Sono felici quando li chiamiamo per nome, felici di sentirsi trattare come persone, non compatiti o giudicati, semplicemente accettati.

Una coppia riferisce che nella loro tenda hanno accolto una ragazza incinta che il compagno ubriaco aveva massacrato di botte. Quest'ultimo è stato fermato e cacciato dai membri del gruppo, e la ragazza si trova ora sotto la loro protezione. La vita della piccola comunità è regolata da questi semplici principi di convivenza solidale e di sostegno reciproco.

 

Ripensando ad alcune conversazioni avute con queste persone, che la società definisce reietti e disadattati, mi ritornano in mente i versi di un'altra canzone “The Sound of Silence” di Simon & Garfunkel: “The people bowed and prayed to the neon God they made but the words of the prophets are written on the subway walls and tenement halls” (la gente si inchinava e pregava il Dio del neon che aveva creato ma le parole dei profeti sono scritte sulle pareti della metropolitana - dove trovano rifugio i clochard nda- e negli androni delle case popolari).

Parole che trasmettono una immagine molto evocativa delle moltitudini ebete che si inchinano al Dio del progresso, del consumismo e del denaro da loro stessi creato, mentre la sapienza di antica memoria rimane patrimonio delle classi più umili ed emarginate.

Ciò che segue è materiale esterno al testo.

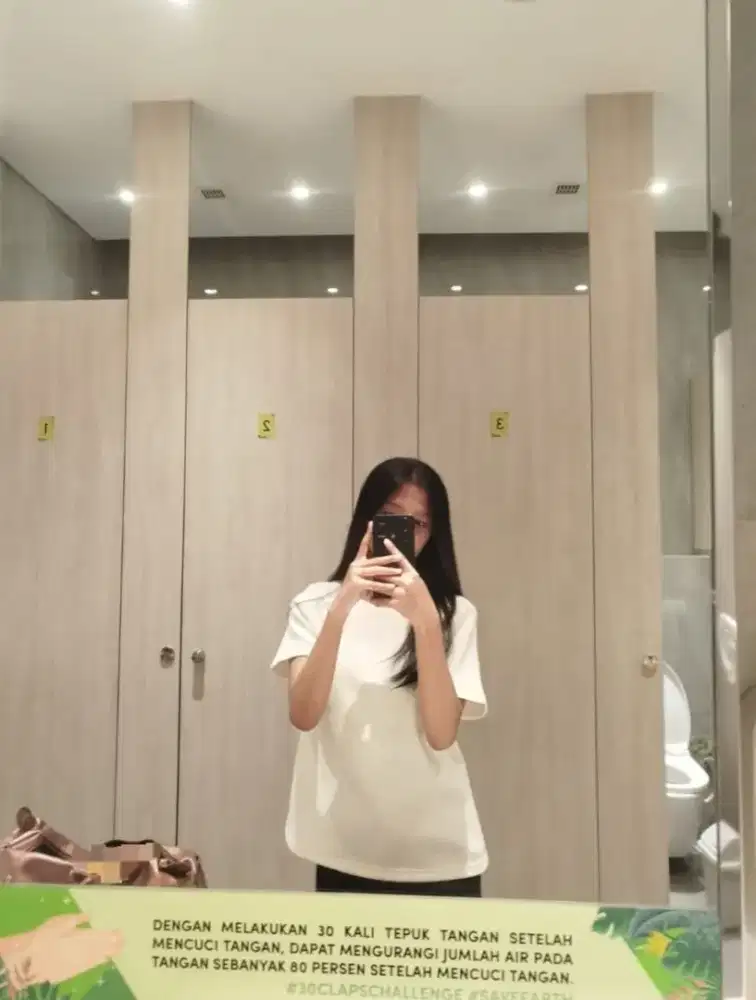 cari loker host live daerah jakarta barat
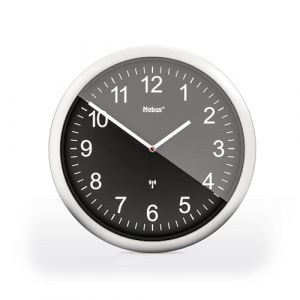 Mebus Horloge Murale Radio-pilotée 26 cm silencieuse Facile à Lire Cadre argenté Cadran Noir Modèle 19812 - Clair et Silencieux - Noir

Paradossalmente, la saggezza, la lungimiranza, il discernimento, non si trovano infatti nei palazzi del potere ma tra gente semplice che le vicissitudini della vita hanno resi più esperti e maturi, nel senso inteso da Fromm che considerava persona sana e matura quella in grado di intraprendere la via dell’essere, piuttosto che dell’avere.